= Beginning of Section =

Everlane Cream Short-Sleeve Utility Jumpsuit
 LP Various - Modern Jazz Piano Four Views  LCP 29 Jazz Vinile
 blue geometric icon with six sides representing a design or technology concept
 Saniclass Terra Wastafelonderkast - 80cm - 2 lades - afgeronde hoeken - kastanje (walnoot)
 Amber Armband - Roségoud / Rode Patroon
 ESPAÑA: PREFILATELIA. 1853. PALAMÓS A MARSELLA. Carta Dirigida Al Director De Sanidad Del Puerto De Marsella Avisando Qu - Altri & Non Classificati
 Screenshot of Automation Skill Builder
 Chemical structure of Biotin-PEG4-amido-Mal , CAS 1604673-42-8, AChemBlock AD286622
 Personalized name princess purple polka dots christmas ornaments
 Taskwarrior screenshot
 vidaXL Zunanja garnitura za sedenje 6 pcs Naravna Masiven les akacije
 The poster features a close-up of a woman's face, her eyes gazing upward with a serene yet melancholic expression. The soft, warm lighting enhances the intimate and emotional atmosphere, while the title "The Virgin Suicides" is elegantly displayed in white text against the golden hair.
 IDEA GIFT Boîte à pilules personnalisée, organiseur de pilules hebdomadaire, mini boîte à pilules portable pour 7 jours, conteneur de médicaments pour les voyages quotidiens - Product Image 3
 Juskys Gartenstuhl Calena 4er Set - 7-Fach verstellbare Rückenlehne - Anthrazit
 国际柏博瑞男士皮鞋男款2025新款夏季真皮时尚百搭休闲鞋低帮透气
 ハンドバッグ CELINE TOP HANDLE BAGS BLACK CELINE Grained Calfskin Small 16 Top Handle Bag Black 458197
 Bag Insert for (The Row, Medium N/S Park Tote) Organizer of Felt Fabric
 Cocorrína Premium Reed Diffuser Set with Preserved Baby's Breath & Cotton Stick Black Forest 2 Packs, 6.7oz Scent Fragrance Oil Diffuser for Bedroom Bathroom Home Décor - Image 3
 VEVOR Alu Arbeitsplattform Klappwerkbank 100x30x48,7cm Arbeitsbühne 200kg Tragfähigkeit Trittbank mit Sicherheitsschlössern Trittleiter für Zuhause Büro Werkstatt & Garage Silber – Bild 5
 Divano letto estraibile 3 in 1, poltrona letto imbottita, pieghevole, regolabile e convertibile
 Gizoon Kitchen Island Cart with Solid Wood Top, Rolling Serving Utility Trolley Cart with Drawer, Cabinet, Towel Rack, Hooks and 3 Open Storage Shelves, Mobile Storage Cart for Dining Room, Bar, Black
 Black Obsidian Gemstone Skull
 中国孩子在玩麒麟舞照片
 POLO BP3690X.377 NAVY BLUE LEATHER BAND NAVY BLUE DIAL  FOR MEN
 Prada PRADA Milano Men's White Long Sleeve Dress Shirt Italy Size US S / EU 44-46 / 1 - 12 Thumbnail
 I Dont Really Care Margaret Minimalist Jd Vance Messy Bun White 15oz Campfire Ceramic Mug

= End of Section =

■ YOUR INSTRUCTIONS
Restate every entry exactly. Leave nothing out.

■ SOLUTION
Everlane Cream Short-Sleeve Utility Jumpsuit
 LP Various - Modern Jazz Piano Four Views  LCP 29 Jazz Vinile
 blue geometric icon with six sides representing a design or technology concept
 Saniclass Terra Wastafelonderkast - 80cm - 2 lades - afgeronde hoeken - kastanje (walnoot)
 Amber Armband - Roségoud / Rode Patroon
 ESPAÑA: PREFILATELIA. 1853. PALAMÓS A MARSELLA. Carta Dirigida Al Director De Sanidad Del Puerto De Marsella Avisando Qu - Altri & Non Classificati
 Screenshot of Automation Skill Builder
 Chemical structure of Biotin-PEG4-amido-Mal , CAS 1604673-42-8, AChemBlock AD286622
 Personalized name princess purple polka dots christmas ornaments
 Taskwarrior screenshot
 vidaXL Zunanja garnitura za sedenje 6 pcs Naravna Masiven les akacije
 The poster features a close-up of a woman's face, her eyes gazing upward with a serene yet melancholic expression. The soft, warm lighting enhances the intimate and emotional atmosphere, while the title "The Virgin Suicides" is elegantly displayed in white text against the golden hair.
 IDEA GIFT Boîte à pilules personnalisée, organiseur de pilules hebdomadaire, mini boîte à pilules portable pour 7 jours, conteneur de médicaments pour les voyages quotidiens - Product Image 3
 Juskys Gartenstuhl Calena 4er Set - 7-Fach verstellbare Rückenlehne - Anthrazit
 国际柏博瑞男士皮鞋男款2025新款夏季真皮时尚百搭休闲鞋低帮透气
 ハンドバッグ CELINE TOP HANDLE BAGS BLACK CELINE Grained Calfskin Small 16 Top Handle Bag Black 458197
 Bag Insert for (The Row, Medium N/S Park Tote) Organizer of Felt Fabric
 Cocorrína Premium Reed Diffuser Set with Preserved Baby's Breath & Cotton Stick Black Forest 2 Packs, 6.7oz Scent Fragrance Oil Diffuser for Bedroom Bathroom Home Décor - Image 3
 VEVOR Alu Arbeitsplattform Klappwerkbank 100x30x48,7cm Arbeitsbühne 200kg Tragfähigkeit Trittbank mit Sicherheitsschlössern Trittleiter für Zuhause Büro Werkstatt & Garage Silber – Bild 5
 Divano letto estraibile 3 in 1, poltrona letto imbottita, pieghevole, regolabile e convertibile
 Gizoon Kitchen Island Cart with Solid Wood Top, Rolling Serving Utility Trolley Cart with Drawer, Cabinet, Towel Rack, Hooks and 3 Open Storage Shelves, Mobile Storage Cart for Dining Room, Bar, Black
 Black Obsidian Gemstone Skull
 中国孩子在玩麒麟舞照片
 POLO BP3690X.377 NAVY BLUE LEATHER BAND NAVY BLUE DIAL  FOR MEN
 Prada PRADA Milano Men's White Long Sleeve Dress Shirt Italy Size US S / EU 44-46 / 1 - 12 Thumbnail
 I Dont Really Care Margaret Minimalist Jd Vance Messy Bun White 15oz Campfire Ceramic Mug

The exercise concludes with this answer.